Blogging In-Class Writing: Comparing and Contrasting Violence in the American South

from Southern Horrors

In class, we just looked at the incredible passage "Burned at the Stake." In it, Wells recounts the kerosene lit crucifixion of Henry Smith. We discussed how the lynching exceeded our definitions of hate and even terrorism, in part because the "curiosity seekers" carried away souvenirs of the "memorable event" (95). The pleasure white southerners seemed to take in the violence was labeled sadistic by a few of you; sadism refers to the pleasure one can feel from inflicting pain on others. Another said that the event was a project for making the white southerners feel "better" or superior than African-Americans. In this way, the lynching was a machine (not a technological machine, but a social, collective, participatory machine) for creating who could be human and who could not.


Several of you have already asked me about incorporating context into this paragraph. What I would say is this: practice comparison and contrast in this paragraph, not context. IF and WHEN this becomes part of your second essay, you will probably have already introduced When I Was a Slave and Southern Horrors. You probably won't have to do it again here, unless you're introducing the specific context (a little bit about Mary Reynolds, a little bit about the passage from A Red Record).


For this paragraph, I'd consider practicing "short quotation." Short quotation is the quotation of a word or phrase rather than entire sentence. Then you can pick up one or a few words you really want to concentrate on, define, and analyze. This might be a good time to produce or refer to a keyword.

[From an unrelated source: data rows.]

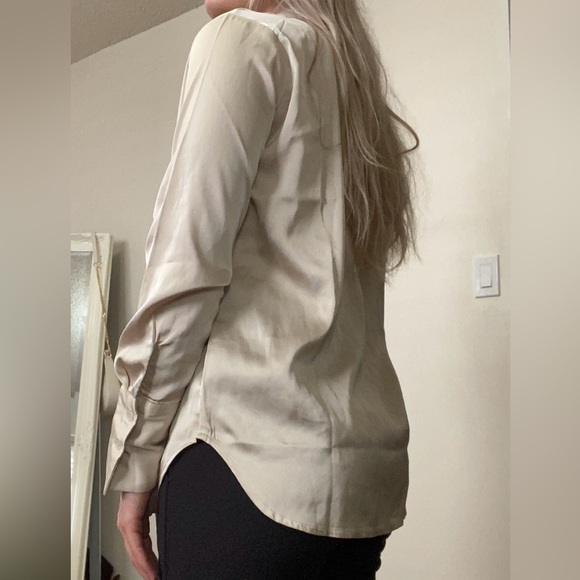 3 for 20🎁“satin” Blouse Button Up Overshirt - Picture 4 of 5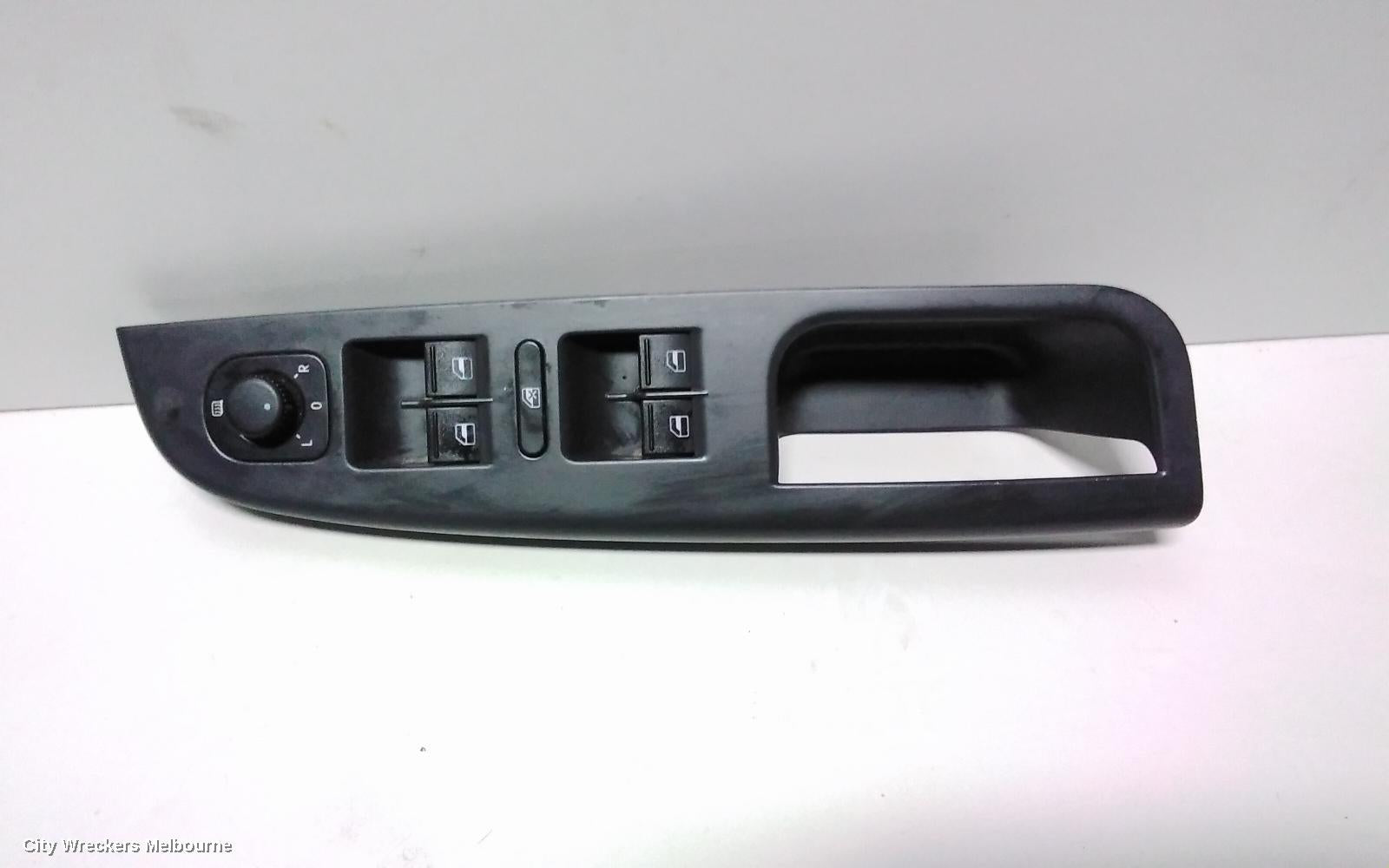 VOLKSWAGEN JETTA PWR DR WIND SWITCH, RH FRONT (MASTER SWITCH), 4 SWITCHES TYPE, 1KM, 02/2006 - 07/2011 - Image 2
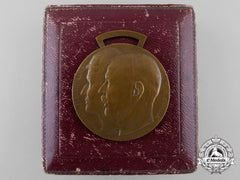 A Waldeck Friedrich-Bathildis Medal 1915 With Case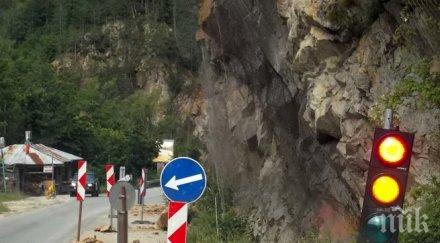 пътят асеновата крепост остава затворен продължава руши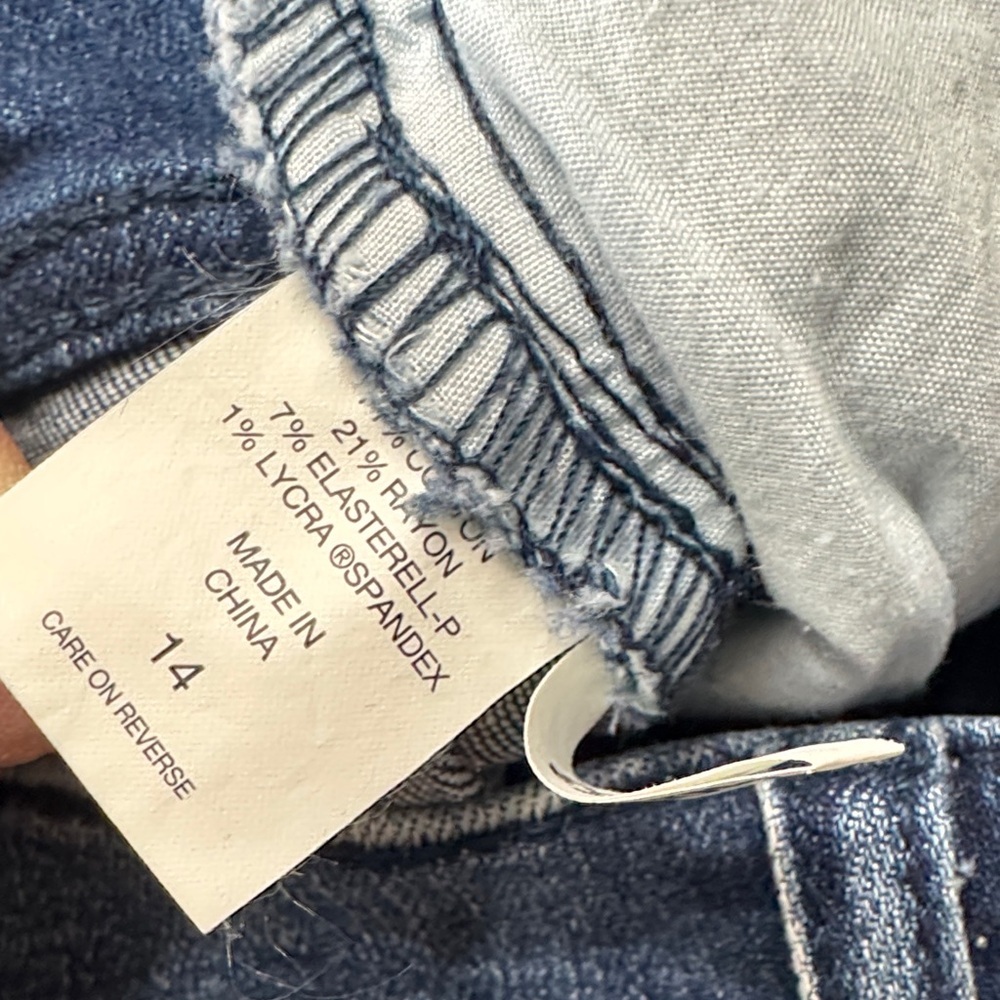 Soho Women's denim two tone ultimate stretch Ankle Jeans NWT 14 - Picture 12 of 14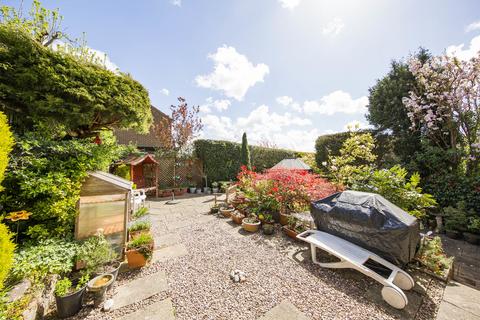 11 Beaver Close, Crowborough, TN6 2NZ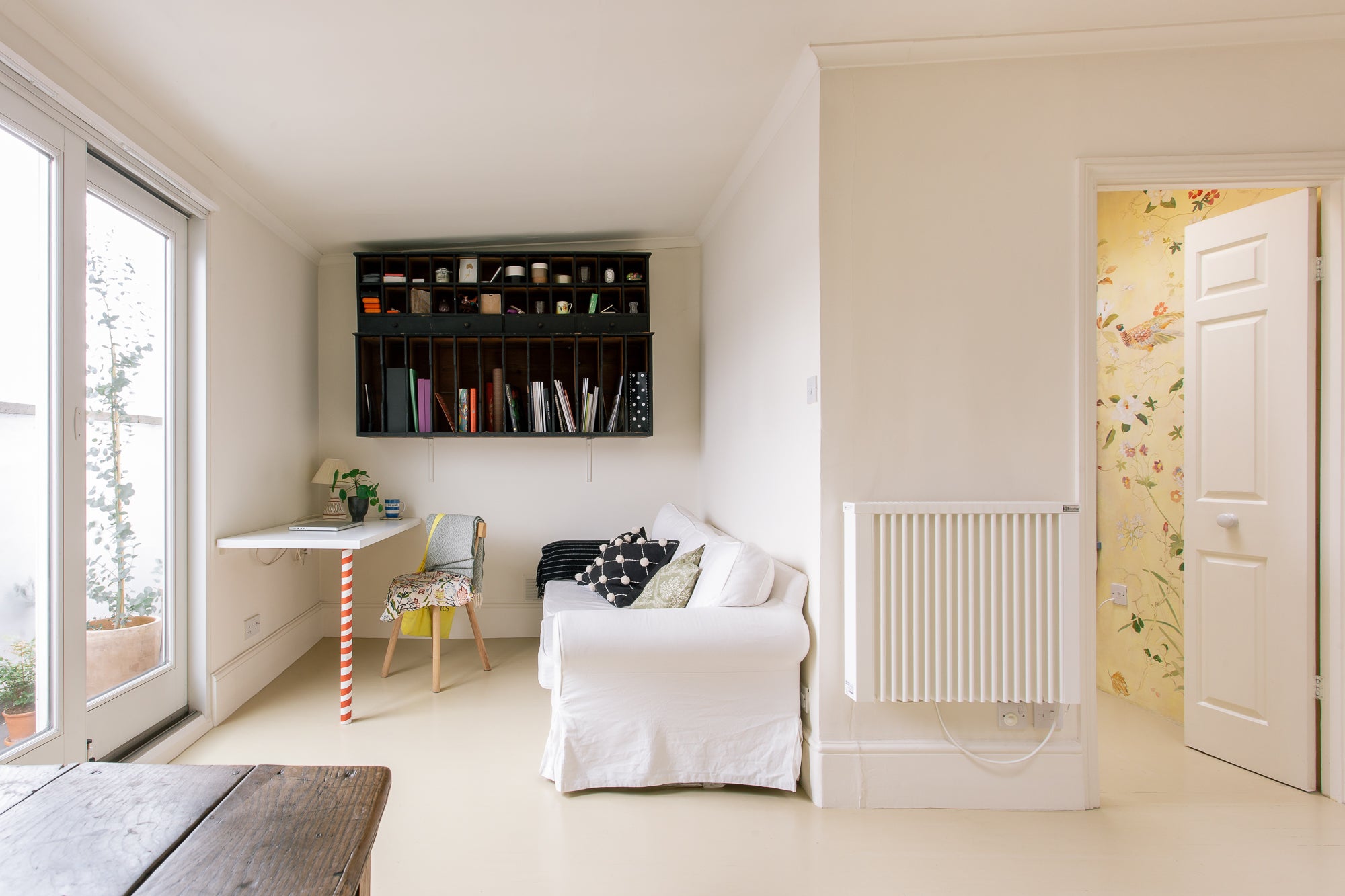 Flat Ledbury Road in Greater London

Since the violent events in these passages are so crucial to our analysis, it is probably going to be worthwhile for you to describe and summarize them in a few sentences for your reader.


I already see you making different kinds of lists: what the violence has in common, what the violence doesn't have in common. Or: what motivations persisted through time, and what changed.

Citation and Reference

When you refer to an event from the text Southern Horrors edited by Royster, you can refer to the specific pamphlet, such as A Red Record  and Lynch Law in all its Phases in your sentences. But in your citations, you need to refer to the overall text edited by Royster, such as "(Royster 94)."